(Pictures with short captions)

-*-

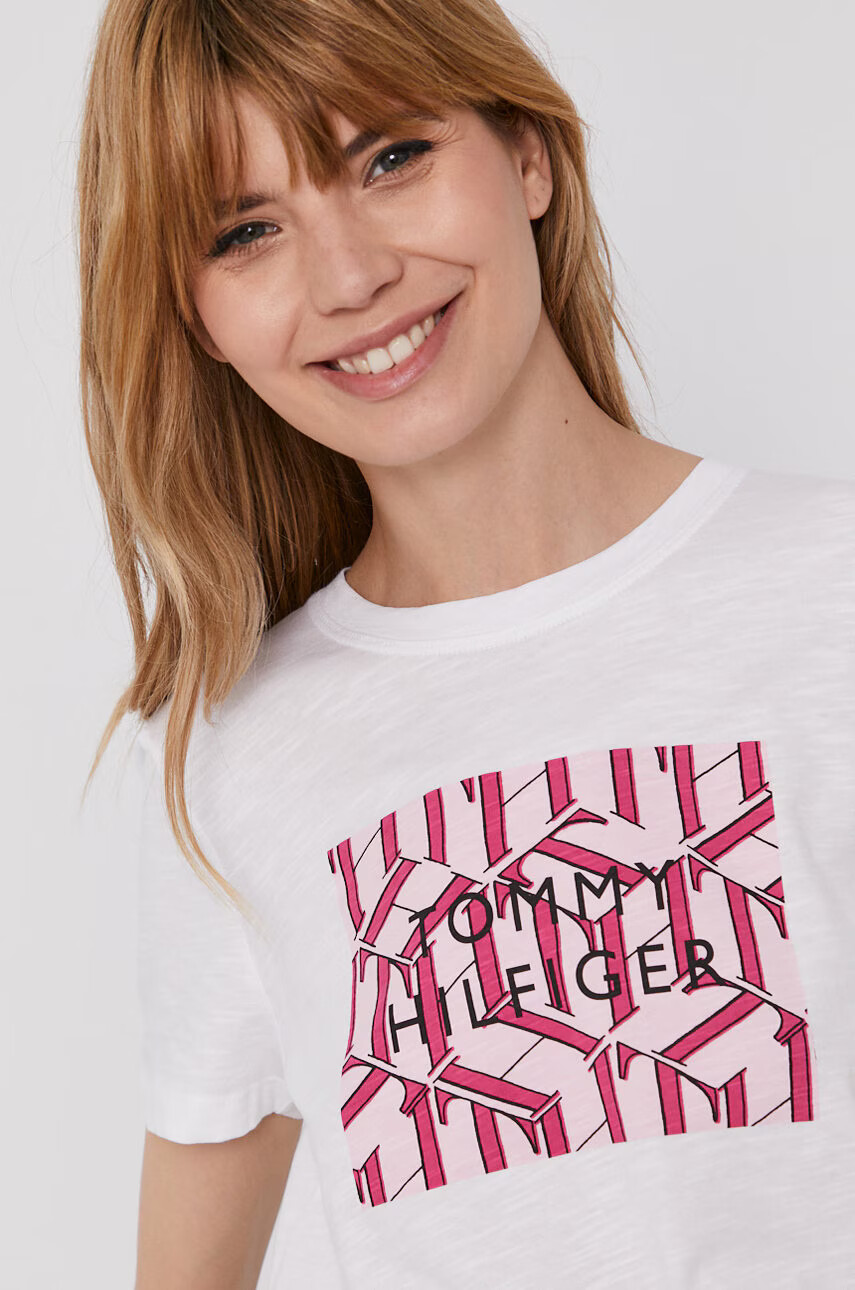 Tommy Hilfiger Тениска в зелено с десен - Pepit.bg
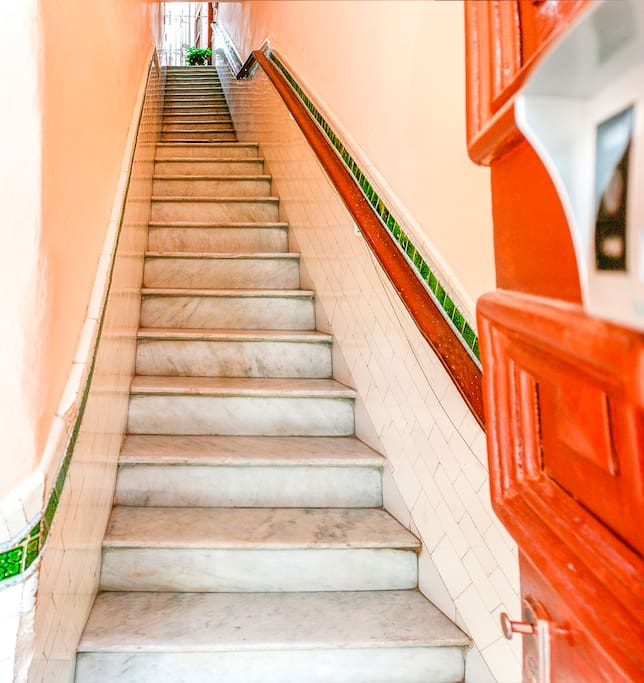 Escalera desde la entrada de la casa a su habitación.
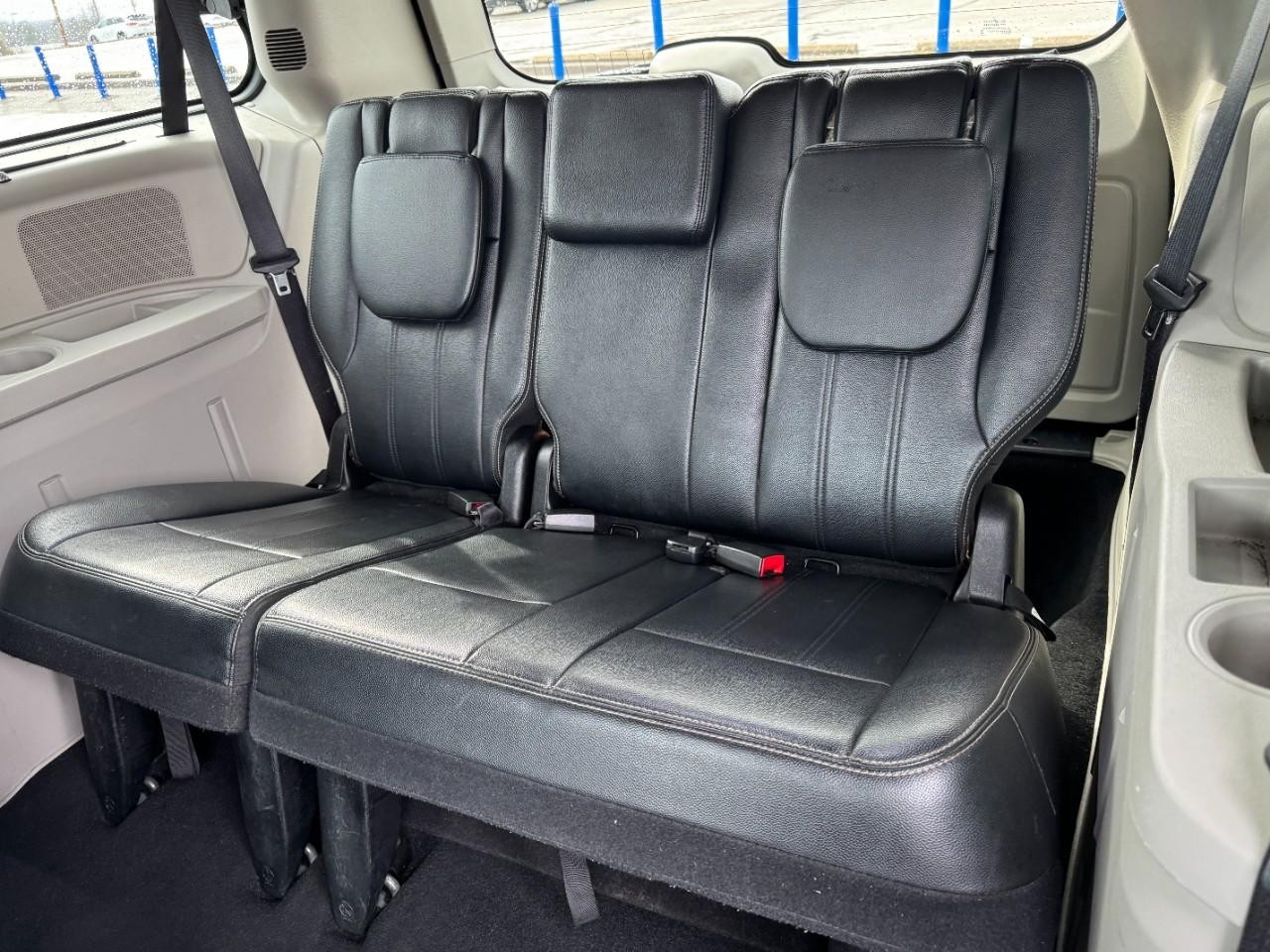 Chrysler Town & Country Vehicle Full-screen Gallery Image 11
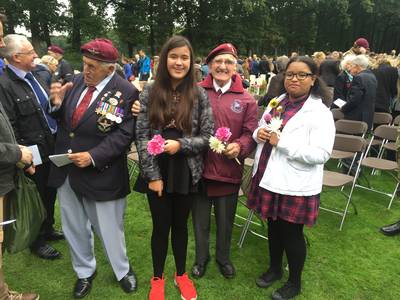 Veteraan (95) maakt parachutesprong bij Airborne-herdenking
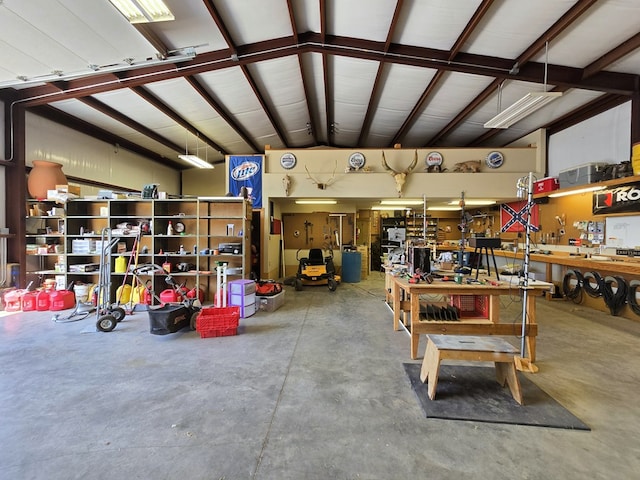6101 Fm 715, Midland, TX 79706 - garage featuring a workshop area
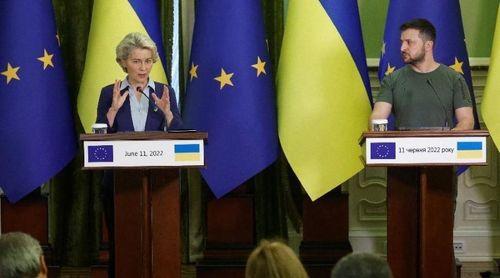 Presidente ucraniano pede que Europa mostre unidade e apela a cessar-fogo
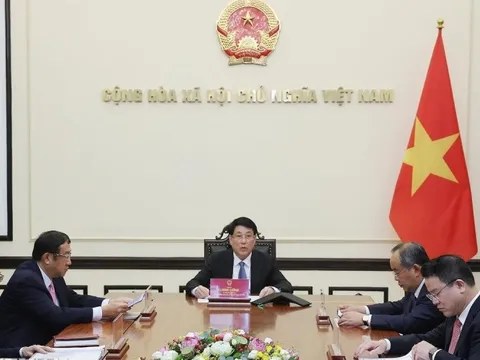 Chủ tịch nước Lương Cường điện đàm với tân Tổng thống Hàn Quốc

-*-

### What you will do
Pictures must not appear in the copy, and every record must be restated word for word.

### Reply
 Tommy Hilfiger Тениска в зелено с десен - Pepit.bg
 Escalera desde la entrada de la casa a su habitación.
 Chrysler Town & Country Vehicle Full-screen Gallery Image 11
 Veteraan (95) maakt parachutesprong bij Airborne-herdenking
6101 Fm 715, Midland, TX 79706 - garage featuring a workshop area
 Presidente ucraniano pede que Europa mostre unidade e apela a cessar-fogo
 Chủ tịch nước Lương Cường điện đàm với tân Tổng thống Hàn Quốc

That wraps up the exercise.